Tonight’s debates between Donald Trump and Hillary Clinton are being hosted by Washington University in St. Louis, which means the eyes (and the news outlets) of the nation are watching the Missouri campus in anticipation of the big event. Sensing his moment, Albert Wu, an 18-year-old first-year student from Boston, decided to capitalize on all the attention his school is getting and make it work for him. In a move that can only be described as a truly 2016 hustle, Wu wrote down his Venmo (the money-transfer app) account handle on a sign emblazoned “STUDENT DEBT SUCKS” and held it up on the national news. And it actually worked.

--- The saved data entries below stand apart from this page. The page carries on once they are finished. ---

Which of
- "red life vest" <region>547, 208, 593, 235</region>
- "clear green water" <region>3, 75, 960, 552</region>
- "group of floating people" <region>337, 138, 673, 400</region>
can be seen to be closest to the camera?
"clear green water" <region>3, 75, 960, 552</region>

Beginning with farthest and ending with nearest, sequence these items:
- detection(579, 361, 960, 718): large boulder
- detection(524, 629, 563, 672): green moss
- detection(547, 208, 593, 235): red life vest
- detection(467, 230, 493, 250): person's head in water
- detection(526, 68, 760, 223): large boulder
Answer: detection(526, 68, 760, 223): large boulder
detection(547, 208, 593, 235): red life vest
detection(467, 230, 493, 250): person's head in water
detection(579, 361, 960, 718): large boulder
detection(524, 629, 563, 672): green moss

“I remember a couple weeks ago there was a fan on [ESPN’s] College GameDay who was asking for beer money through Venmo on a poster, so there’s a possible inspiration right there,” Wu explained to me via Twitter DM. “I wanted to make a poster that was topical, but also based on that idea, so I wrote ‘student debt sucks’ because it’s a pretty relevant and topical issue for young individuals like me and an issue I hope they address during the debate.” “Student debt is arguably more important than beer money,” Wu added, dutifully noting (“hi mom and dad and WashU Dean of Students”) that he is “only 18” and would never ask for cash for alcohol on live television.
His handiwork was first picked up by CNN on Saturday, where Wu stood holding the sign for about four hours. “I was by the CNN tent yesterday, by chance actually,” he said. “I had no idea they were broadcasting, but I had a Sharpie and a WashU poster I had won so I thought, ‘what the heck!’” Today, he popped by MSNBC’s broadcast spot. “I came out again today [to MSNBC’s tent] and so many other people had Venmo signs,” Wu explained. “I kind of had a monopoly Saturday, but now it’s way too saturated with Venmo posters.”
As for profits, Wu said he didn’t “really go out with the intention of making money through it,” but has received about $400 in donations so far. The amounts range from a penny to $20. “They all come with really nice and funny comments like ‘good luck with that student debt’ and ‘I feel your pain,’” Wu explained. “My favorite one is ‘from my student debt to yours.’”
“People from both sides are donating, which is great because student debt is a problem for everyone no matter who they’re supporting,” Wu added. And they say bipartisanship doesn’t work!